* [TASK STATEMENT]
Begin at the line that holds "Beliani Silla De" and retype every line through the end of the material, both included. Leave out the pictures.

----- EXERCISE DATA -----

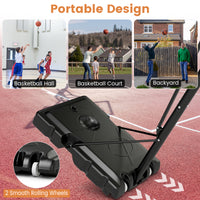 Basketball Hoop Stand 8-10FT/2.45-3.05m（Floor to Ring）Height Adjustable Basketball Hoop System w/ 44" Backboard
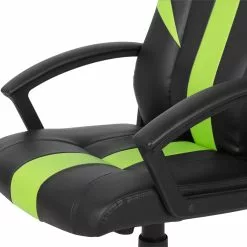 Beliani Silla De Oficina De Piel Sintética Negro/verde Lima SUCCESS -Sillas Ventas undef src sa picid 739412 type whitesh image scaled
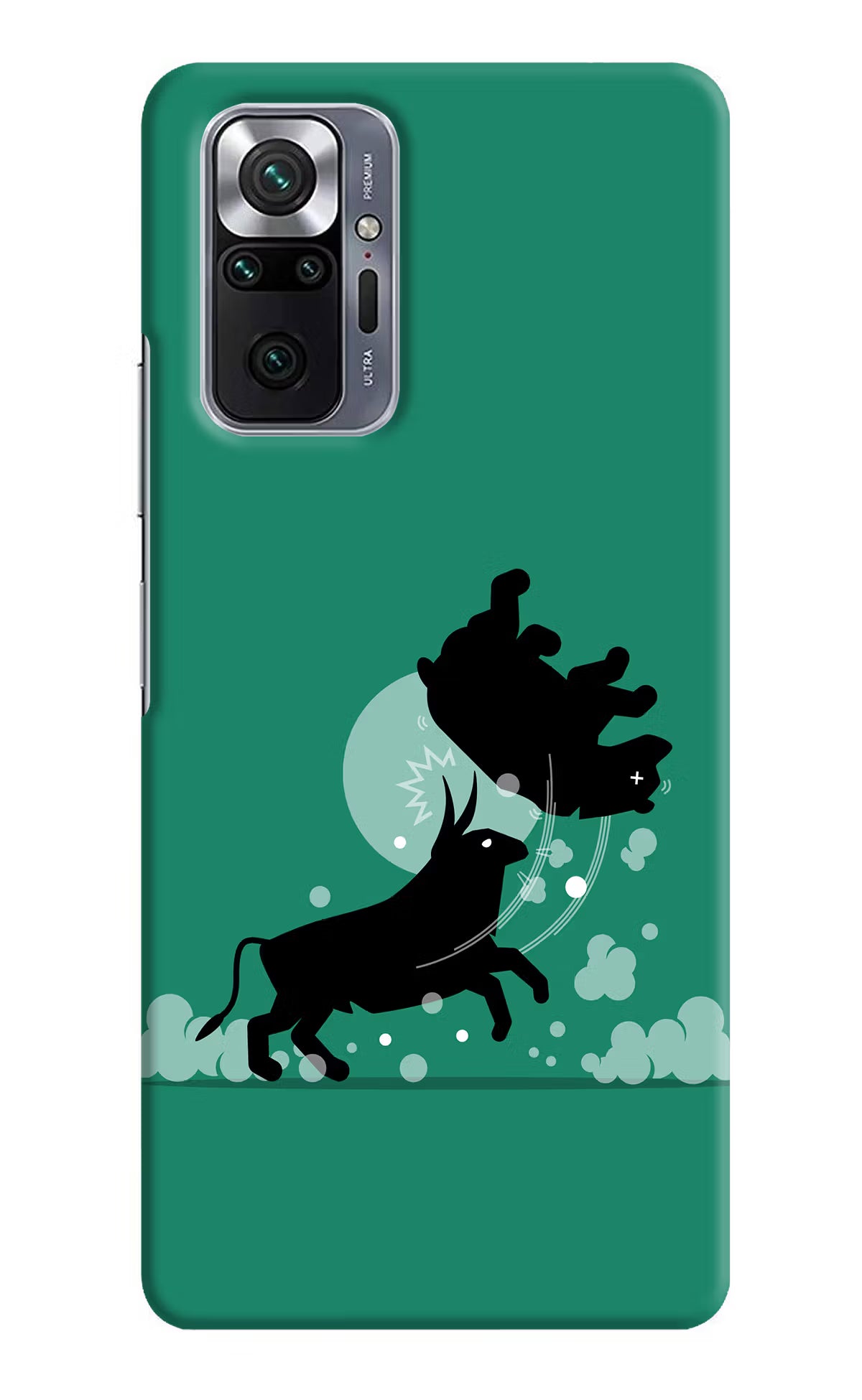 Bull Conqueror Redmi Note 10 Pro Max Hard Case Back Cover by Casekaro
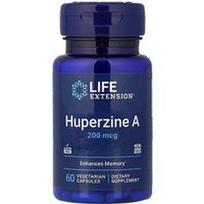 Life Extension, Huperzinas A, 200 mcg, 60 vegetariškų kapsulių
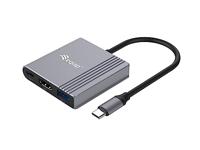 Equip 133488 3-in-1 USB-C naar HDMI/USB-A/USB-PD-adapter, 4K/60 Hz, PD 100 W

-----

* [OUTPUT FOR THIS EXERCISE]
 Beliani Silla De Oficina De Piel Sintética Negro/verde Lima SUCCESS -Sillas Ventas undef src sa picid 739412 type whitesh image scaled
 Bull Conqueror Redmi Note 10 Pro Max Hard Case Back Cover by Casekaro
 Life Extension, Huperzinas A, 200 mcg, 60 vegetariškų kapsulių
 Equip 133488 3-in-1 USB-C naar HDMI/USB-A/USB-PD-adapter, 4K/60 Hz, PD 100 W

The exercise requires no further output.